20. I do not feel it necessary to discuss the interpretation of Order 38, Rule 9. I agree with the decisions in Ram Chand v. Pitam Mal 8 AWN 195 and Abdul Rahman v. Amin Sharif ILR (1918) C 780, that, when a suit is dismissed the attachment before Judgment terminates without an order of the Court. But even if the opposite view is the correct view, I do not think this has any bearing on the construction of Order 21, Rule 57. While Order 38, Rule 9, provides for one mode of terminating an attachment before judgment, it is not the only mode and it does not stand in the way of construing Order 21, Rule 57, as providing another.
21. Nor do I think any assistance can be derived from the Form 7 in Appendix F of the Code. Appendix E, Form 24, which also seems to imply that a further order of the Court is necessary to put an end to the custody of the Court in an attachment after Judgment, may seem to be inconsistent with Order 21, Rule 57. I think the true view is that the Forms have nothing to do with the rights of parties but only deal with the relation of the Court to its subordinate officers who carry out its orders.
22. It is said that, if the petitioner's contention is correct, Order 38, Rule 8, would be unnecessary in the face of Order 21, Rule 58, but the same may be said of Order 38, Rule 11. It may be some of those rules are not absolutely necessary but have been enacted as a matter of abundant caution.

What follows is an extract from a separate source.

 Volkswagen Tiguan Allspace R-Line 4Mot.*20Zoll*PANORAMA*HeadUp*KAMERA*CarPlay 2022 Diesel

23. It may be that, of the various opinions in the decisions, cited by me above and with which I agree, some are obiter dicta while others are necessary for the decision. It may be that in some of them the exact period of time when the attachment before Judgment was converted into an attachment in execution had not to be and was not considered.
24. In the case before us, as soon as the application (E. P. No. 183 of 1916) mentioning an attachment before Judgment and praying for sale, was filed, the Court passed the following order on 6th May, 1916: 'Copy of attachment warrant and the order making the said attachment absolute to be produced.' These papers were produced on 11th July, 1916. The Court, being satisfied that there was such an attachment as to justify the prayer for sale (as required by Order 21, Rule 11), passed the next order on the application on 11th July, 1916. In this order, the Court, apparently acting under Order 21, Rule 22, directed notice to the defendant as the decree was more than one year old. This is a definite acceptance by the Court of the application as a proper application for sale and a statement of its willingness to pass further orders on it unless the defendant can show cause. The defendant was served on 29th July 1916. On the 8th August, the Court passed an order directing the sale-papers to be filed. By ' sale-papers ' were meant drafts of the proclamation, encumbrance certificate, etc., as required by Rule 148 of the Civil Rules of Practice. If the papers were filed, the sale would have been ordered; but, as they were not filed, the application was dismissed. In my opinion, after the Court was satisfied that there was such an attachment on the properties sought to be sold as to satisfy the requirements of Order 21, Rule 11, and when it passed the next order on the footing that there was an attachment which serves all the purposes of an attachment in. execution, i. e., on 11th July 1916, the attachment before judgment had become converted into one in execution.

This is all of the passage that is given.